Given the choice between the two programs, most veterans would opt for the more financially generous Post-9/11 GI Bill program. But the court decisions now open the door for the possibility of another year of lesser education stipend payouts for veterans who can’t complete their degrees in 36 months.
Rudisill is attending seminary school using his additional education benefits, after a lower court order allowed him to start collecting the money even as the case was appealed.
The court ruling is focused just on his benefits, and was not a class action suit that would apply directly to all veterans in a similar situation. But judges on the federal circuit court opted to make their decision precedential, meaning it could be used by other veterans to support their own eligibility for additional payouts.
An estimated 1.7 million veterans who have already attended college classes have some Montgomery GI Bill eligibility left, according to Rudisill’s lawyers. The department has not released any estimates on how much a change in policy may cost.
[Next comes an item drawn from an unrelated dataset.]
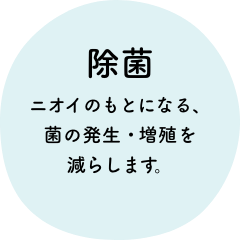除菌 ニオイのもとになる、菌の発生・増殖を減らします。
It’s also unclear whether veterans need to have a break in service to qualify for the extra benefits.
Rudisill served from 2000 to 2002, left the service to take some college classes under the Montgomery GI Bill, then returned again in 2004 for a year and in 2007 for four more years. The judges said that constituted separate periods of service qualifying him for separate periods of benefits eligibility. But they also argued against the VA opt-out policy.
Officials from Student Veterans of America noted that VA officials also have not publicly announced how many of those may be eligible and whether they plan on informing veterans about how to petition for that money.
VA officials could still attempt to appeal the ruling to the Supreme Court, but such a bid is considered unlikely to succeed given the strong statements against their position from the lower court.
The Solicitor General could also petition the federal circuit to expand the panel hearing the case and re-examine the arguments, in hope of a different decision. That is also unlikely to produce a different reaction, although Circuit Judge Timothy Dyk did offer a partial dissent to the latest ruling.
Administration officials have until mid-August to start those moves, or allow the court orders to stay in place.